## What you need to do
When you reach the line containing "Kang Sai Ni" in the entries below, please begin setting down lines exactly, stop only after the last one, and add nothing else.

Crawled caption data
"""

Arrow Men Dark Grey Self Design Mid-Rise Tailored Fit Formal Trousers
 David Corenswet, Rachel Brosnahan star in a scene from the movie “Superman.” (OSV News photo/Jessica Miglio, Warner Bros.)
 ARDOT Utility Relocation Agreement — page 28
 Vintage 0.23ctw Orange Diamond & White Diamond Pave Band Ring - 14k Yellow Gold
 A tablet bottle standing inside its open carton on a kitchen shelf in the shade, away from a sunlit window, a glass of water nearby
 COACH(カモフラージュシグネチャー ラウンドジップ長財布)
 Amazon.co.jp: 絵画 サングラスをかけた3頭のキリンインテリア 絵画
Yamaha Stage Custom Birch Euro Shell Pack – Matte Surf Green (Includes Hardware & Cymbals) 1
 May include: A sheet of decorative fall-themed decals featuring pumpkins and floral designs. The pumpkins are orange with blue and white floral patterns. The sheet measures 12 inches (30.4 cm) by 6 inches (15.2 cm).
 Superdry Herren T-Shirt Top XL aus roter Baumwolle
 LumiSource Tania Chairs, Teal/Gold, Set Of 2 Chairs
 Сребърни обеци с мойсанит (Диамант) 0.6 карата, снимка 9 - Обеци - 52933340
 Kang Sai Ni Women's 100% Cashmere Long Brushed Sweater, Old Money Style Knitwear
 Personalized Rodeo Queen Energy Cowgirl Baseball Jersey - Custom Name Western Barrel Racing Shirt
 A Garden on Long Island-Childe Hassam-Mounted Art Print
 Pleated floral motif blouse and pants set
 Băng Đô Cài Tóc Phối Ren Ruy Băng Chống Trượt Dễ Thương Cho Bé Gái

"""

## Final answer
 Kang Sai Ni Women's 100% Cashmere Long Brushed Sweater, Old Money Style Knitwear
 Personalized Rodeo Queen Energy Cowgirl Baseball Jersey - Custom Name Western Barrel Racing Shirt
 A Garden on Long Island-Childe Hassam-Mounted Art Print
 Pleated floral motif blouse and pants set
 Băng Đô Cài Tóc Phối Ren Ruy Băng Chống Trượt Dễ Thương Cho Bé Gái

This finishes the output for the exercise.